Photos by Bruce Gilbert

A Fordham-sponsored conference on New York’s Michael Bloomberg era delivered an overall tone of appreciation for the former mayor’s innovations, tempered by the reality of seemingly intractable problems of urban poverty.
“Bloomberg’s New York: A Retrospective,” a conference held at Fordham Law School on Nov. 14, attracted many of the billionaire mayor’s administration officials, who positively put into perspective the post-Bloomberg New York.

Joseph M. McShane, S.J., president of Fordham, called his tenure, “something in the realm of miracles, it was miraculous.”  He said that the mayor was an “outcomes and data driven guy” who took the helm shortly after the September 11 attacks.

“The city had not been as distressed and disturbed, since the Draft Riots of 1863,” said Father McShane, “But Bloomberg led with a creative verve that transformed the city from devastation back into one of the world’s great metropolises.”

Even one of the mayor’s biggest defeats, the failed 2012 Olympic bid, was recast as one of his greatest accomplishments. Gary LaBarbera, president of the Building and Trades Council of Greater New York, said rezoning for the bid allowed for some of the city’s biggest developments, including Hudson Yards, the new Mets Stadium, and the new Yankee Stadium, to name a few.

“The ancillary effects are still being felt,” said LaBarbera.

Seth Pinsky, former president of NYC Economic Development Authority, which oversaw many of the developments, said that while the larger projects garnered most of the attention, the less glamorous infrastructure projects in outer boroughs made the city livable for the working and middle classes. Casting the mayor as Manhattan-centric was unfair.

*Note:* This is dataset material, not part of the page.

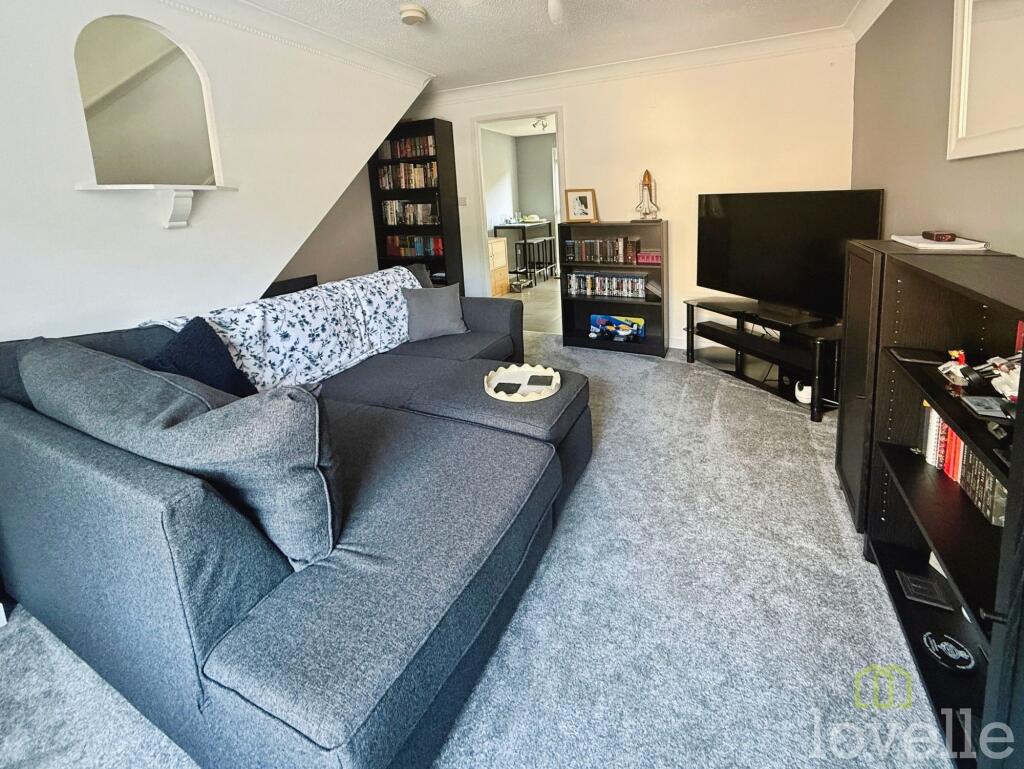 House in Lincoln - View 4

“Because of improved infrastructure and public safety, our middle class and younger people can move to areas that weren’t an option before,” he said.

Public safety was the focus one panel featuring Loretta Preska, LAW ’73, chief judge of the U.S. District Court for New York’s Southern District; Robert Keating, former vice-chairman of Mayor Bloomberg’s judiciary committee; and Cyrus Vance, district attorney of New York County.

Preska said crime dropped 32 percent under Bloomberg, “despite the added demands of terrorism.” Vance noted that Bloomberg and former police chief Ray Kelly created a world-class antiterrorism force, which Daily News’s Arthur Browne dubbed “equal to the FBI or the CIA.”

“The news here is not what happed, but what didn’t happen,” said Vance.

The panel’s moderator, Richard Aborn, of the Citizens Crime Commission, said that it would be remiss for the panel not to mention the stop and frisk policy.

Vance called stop and frisk “an essential police tactic.”

“You have to have the officer be able to stop and frisk and that shouldn’t be taken away,” said Vance. “Under Mike and Ray the tactic was sound, but it began to work against police and community relations.”

Keating said that the mayor took a multipronged approach toward crime, including his judicial appointments, hoping to help alleviate the constant recidivism of those committing crimes. Bloomberg viewed judges as “thinkers and change agents” and thought they could help reform aspects of the justice system.

And yet the mayor’s connection to the poor was perceived as distant, panelists said.

“The flipside of his uber-rationality, social standing, and money was that there was a lack of connection to regular New Yorkers,” said Browne.

Many of the panelists took issue with the perception, including Father McShane, who said that the mayor’s work with the poor was the administration’s great-unsung accomplishment.  Two educators—CUNY Emeritus Chancellor Matthew Goldstein and New York State Board of Regents Chancellor Merryl Tisch—agreed.

“Bloomberg’s antipoverty program was education,” said Tisch.

While Bloomberg may best be known for the many charter schools he supported, he was also responsible for opening several public schools, she said. Such changes should have implications for the entire state.
“You cannot proceed into a world economy without our people, and New York City cannot be the lone engine in New York,” said Tisch. “We have to leverage the changes that took place under Bloomberg for the entire state.”

Panelists repeatedly returned to the mayor’s management style.

“Mike didn’t operate at the detail level, he was macro,” said Peter Madonia, former City Hall chief of staff.

Several speakers said that the mayor picked talented people and handed over the reigns with the dictum, “Don’t mess it up.”

Though all agreed the language was a bit more direct.